With the country on high alert for terrorist attacks, the government is keeping a close eye on potentially controversial situations, and one Northern Illinois University professor and sculptor is feeling the heat from his "lady liberty" sculpture.

On November 1 First Lady Laura Bush was stumping in Michigan, making her final solo appearance of the presidential election campaign at Maccomb Community College, but when Secret Service agents began their routine sweep of the building they said they noticed an inappropriate sculpture on display and decided to take the first lady on a different path through the building so she wouldn't see the artwork.

"We've always seen the piece as being pro-American, but when you start using images of the flag, people let knee jerk reactions and they think you're automatically saying something negative or anti-American," says NIU assistant professor Jeffrey Adams.

Adams is one of the artist's of the controversial piece. The sculpture depicts an Afghan woman clad in a Burka of an American flag.

"Immediately assumed it was a real flag, not realizing it was handmade and made from scrap material," says Adams.
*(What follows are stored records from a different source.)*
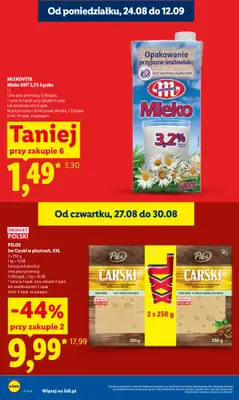 Lidl - gazetka promocyjna Oferta od czwartku od czwartku 27.08 do niedzieli 30.08 - strona 14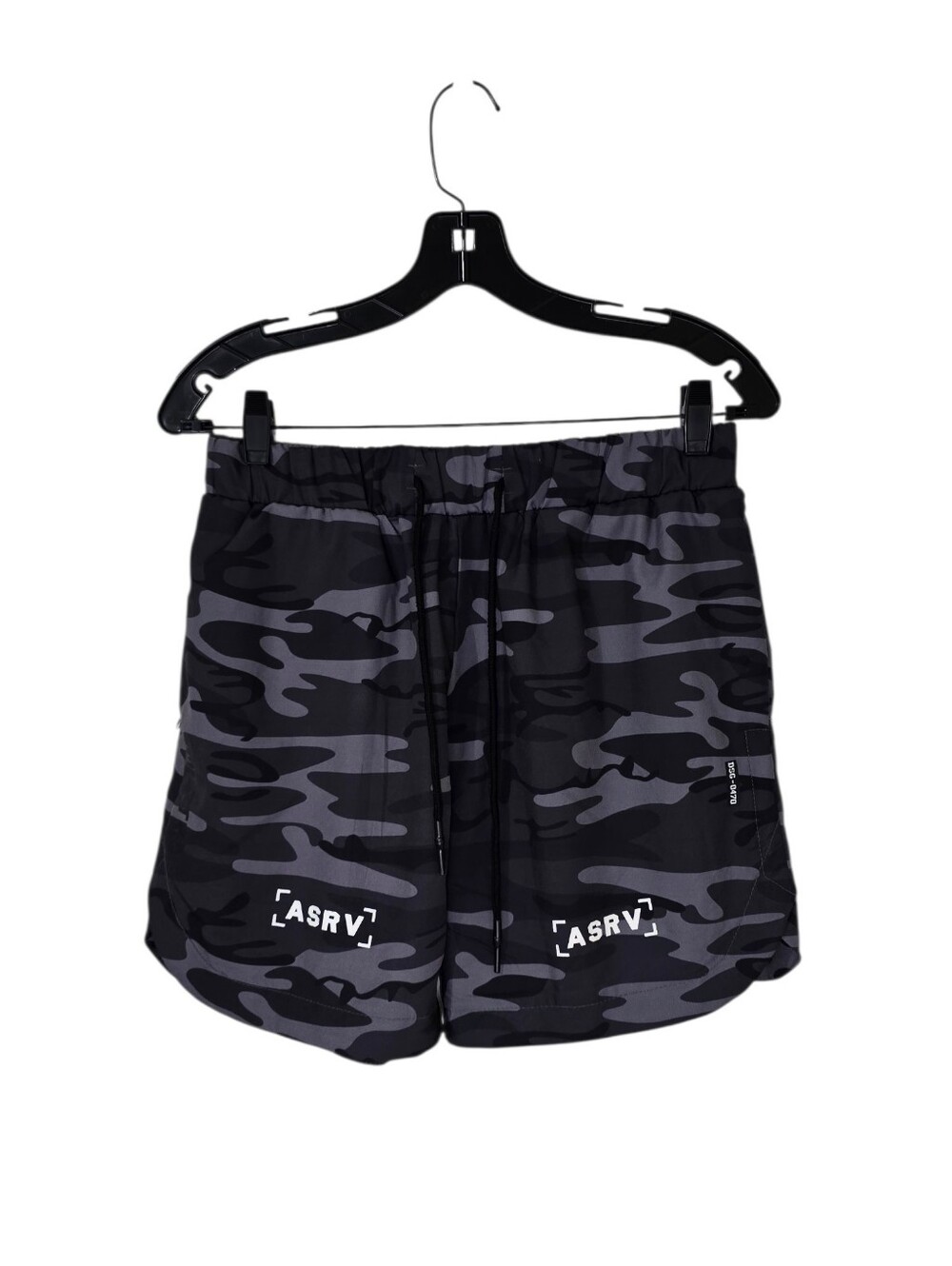 ASRV Tetra-Lite Dsg-0470 Camo Shorts Men's Large Unlined Gym Workout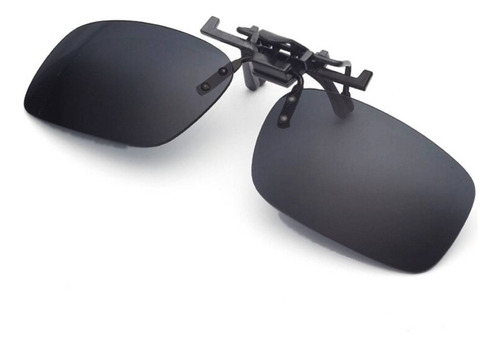 Oculos De Sol Clip On Encaixa Em Armações Com Ou Sem Aro Uv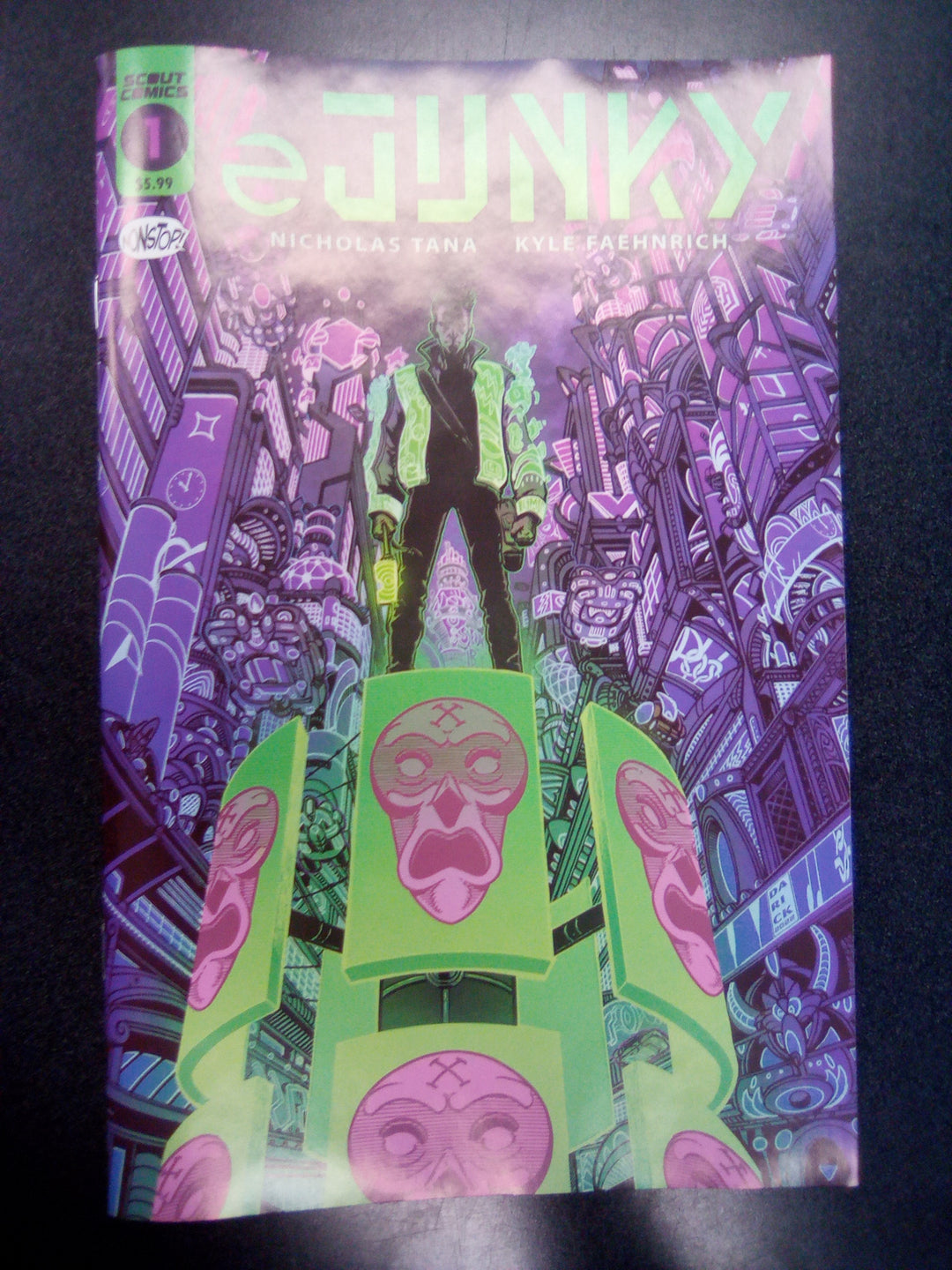 Ejunky #1 Cover A Darick Robertson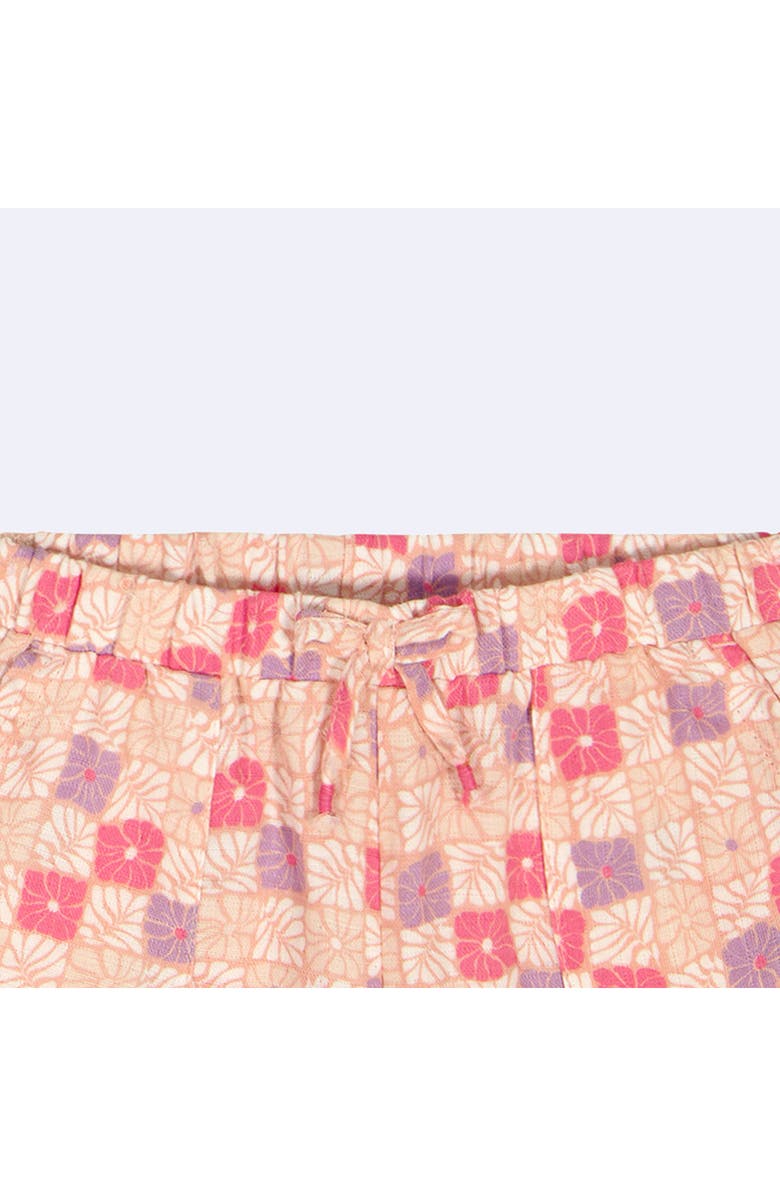 Roxy Kids' Floral Embroidered Rib Top & Shorts Set, Alternate, color,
Director of communications for the Illinois Chapter of the ACLU, Ed Yohnka, says although he hasn't heard about this instance specifically, he's heard about several similar situations in the past recent months.

He says, quote, "It fits a frightening pattern and behavior that has been exhibited by this administration since 9/11, in which they fail to recognize that protest and dissent isn't terrorism."

Adams says he was simply expressing his first amendment rights.

"The Secret Service are pretty pro-military guys, and it's actually a positive statement about our efforts in Afghanistan and they way we were able to free society, but they just saw the flag and flipped out."